Who needs Poundland when you can pick up bargains for under £1 at your local charity shop?
While these purchases will be second-hand, and may not be in mint condition, they will be:
- recycled/re-used By buying second-hand you are extending the life of an item, and preventing it from being sent to landfill.
- giving to a good cause By purchasing from a High Street charity shop you are donating to a good cause.
- unique The slightly chipped teacup that you bought for 50p could become a talking point!
- not wrapped in plastic So many brand new, cheap items seem to come shrink wrapped in plastic wrapping that can’t be recycled.
- more durable I really believe that many second-hand goods have a far longer shelf life than cheaply manufactured plastic goods. There’s a reason why they cost so little. How many things have we bought from bargain shops that have broken almost immediately after use? I’ve written here about my struggle with cheaply made children’s clothing.
There are many other reasons to shop second-hand (I’ve listed them here) . Whenever I’m looking for a household item, book, game or clothing my first port of call is to scour the local charity shops.
In the past few days I have bought these two albums for 25p each from the Dorothy House shop (I could have bought three for 50p but couldn’t find another one). Despite being in the bargain bucket the records are in good condition:
I also stumbled across some cotton reels for 50p each from a local second-hand shop, just when I needed new cotton for sewing projects:
Of course it’s not always possible to buy items for under £1 at charity shops. In fact some of them can be downright pricey, charging more than certain High Street stores for their clothing (although as I mentioned above their second-hand garments probably last longer). But there are ways to source cheap goodies from charity shops:
- get to know the charity shops in your town, and get to know which town has the cheapest shops. My nearest town for charity shopping is the Georgian city of Bath. It’s a great place to go for second-hand shopping as there are some very well-dressed people who donate their cast-offs to the likes of us (read my guide here). However an expensive town can mean pricey charity shops. In some of them it’s not unusual to see dresses selling for a tenner, and that’s without the ‘vintage’ label which usually doubles the price tag. Having said that, as I regularly trawl the charity shops in the city I know which ones are cheaper. For example I recently bought this wonderful denim dress for a fiver from the British Heart Foundation shop:
- look for end of season sales Just as High Street chains have their own end of season reductions, many charity shops will reduce their prices at certain times of the year too.

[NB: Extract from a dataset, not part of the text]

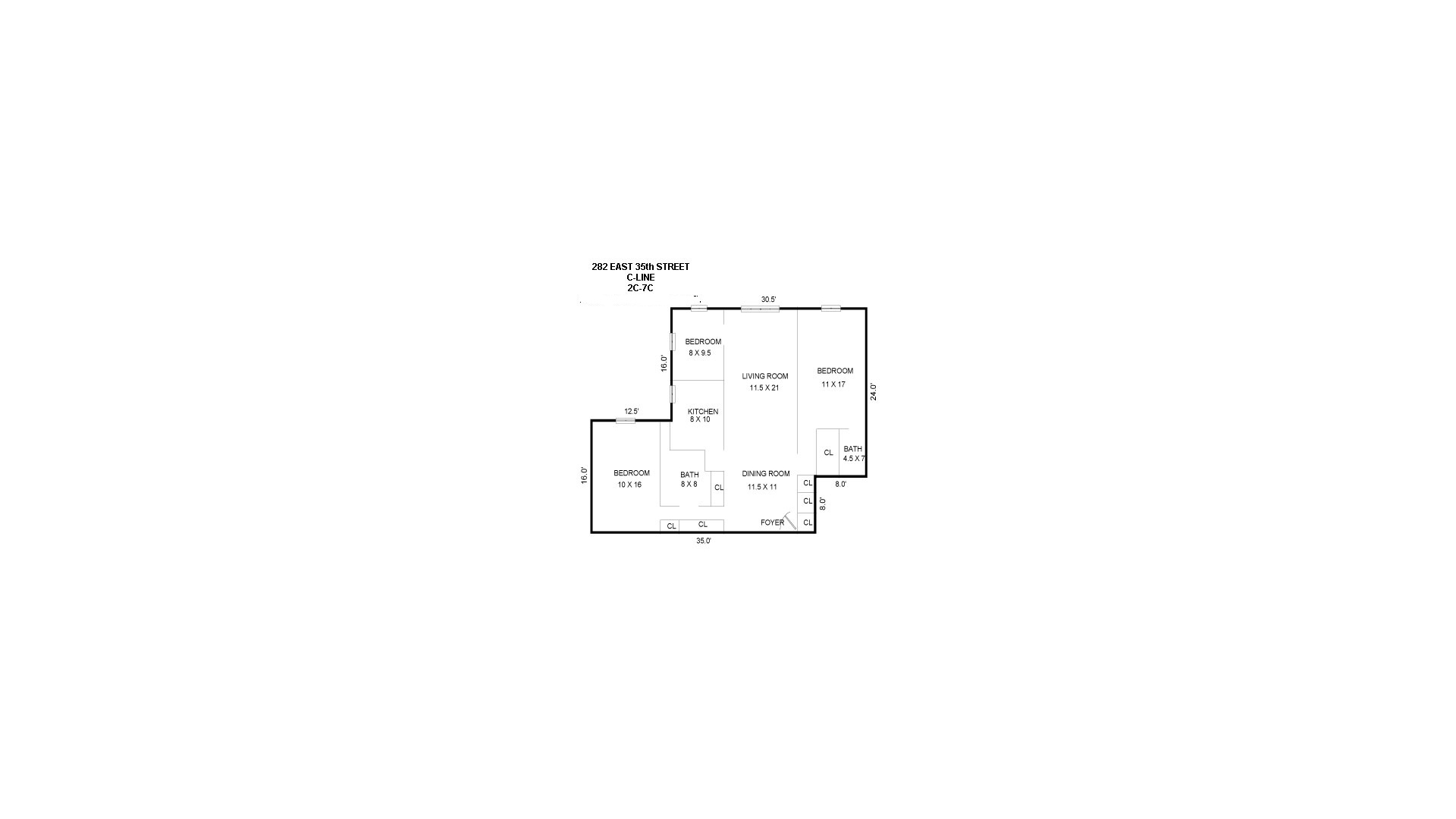 282 East 35th Street 7C East Flatbush Brooklyn NY 11203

- rummage through the bargain bucket Nearly all charity shops have bargain bins or sales rails. Sometime this is because they have a surfeit of donations of a particular type. In my local market town the Dorothy House hospice shop and British Red Cross store often have reductions on their books.

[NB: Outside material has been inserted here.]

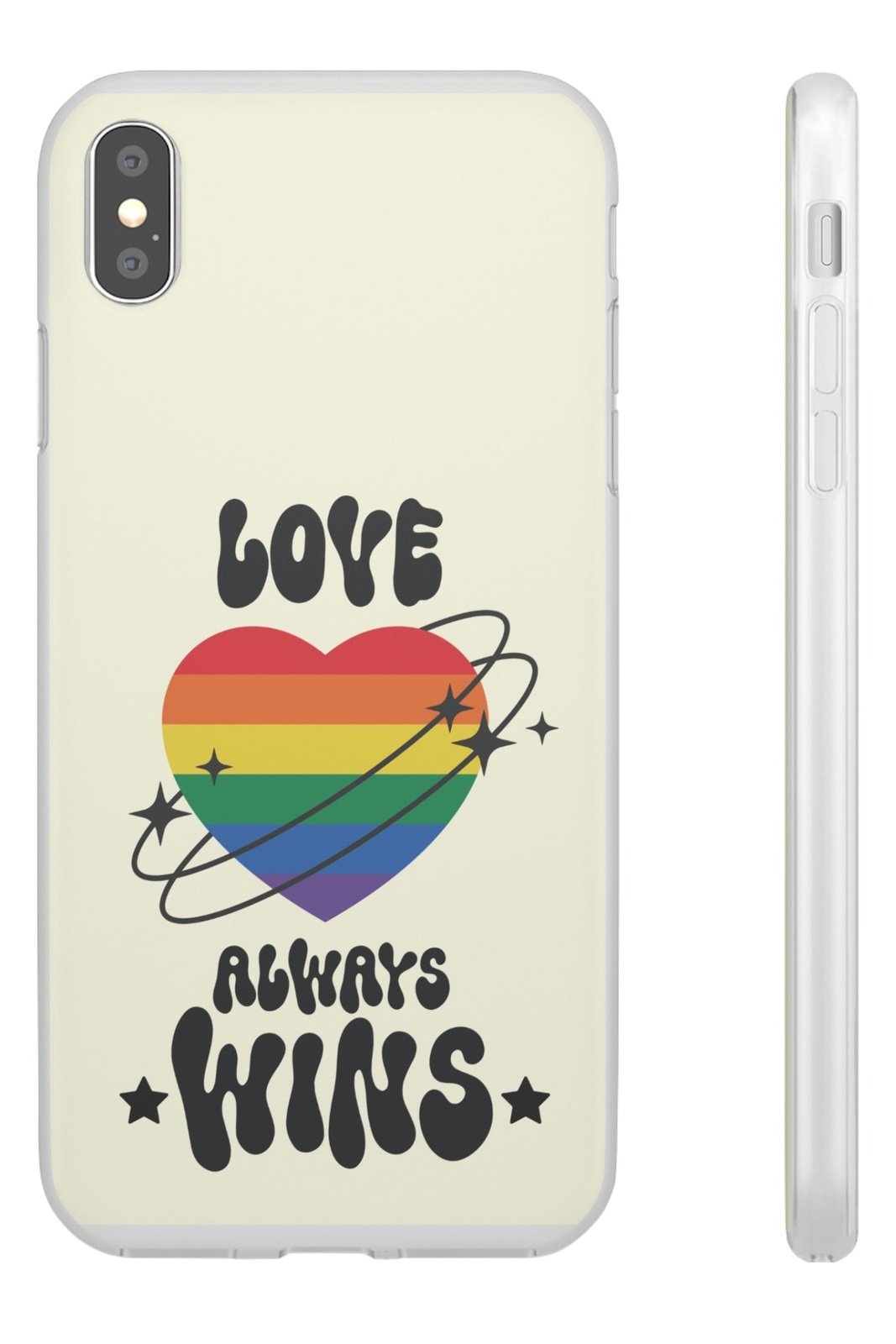 Love Always Wins Flexi Phone Cases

- volunteer Most charity shops need volunteers and, by working in the shop, you’ll get to see the stock that comes in. Some charity shops also offer staff/volunteer discounts (see here for more information on how charity shops are run)
- remember that the price also includes a donation Even if you think the price of an item is steep please don’t haggle. Remember that the money you spend in a charity shop goes back to that cause.
And finally…. if you purchase from a charity shop please consider donating your unwanted (good quality) items back to them to complete the cycle.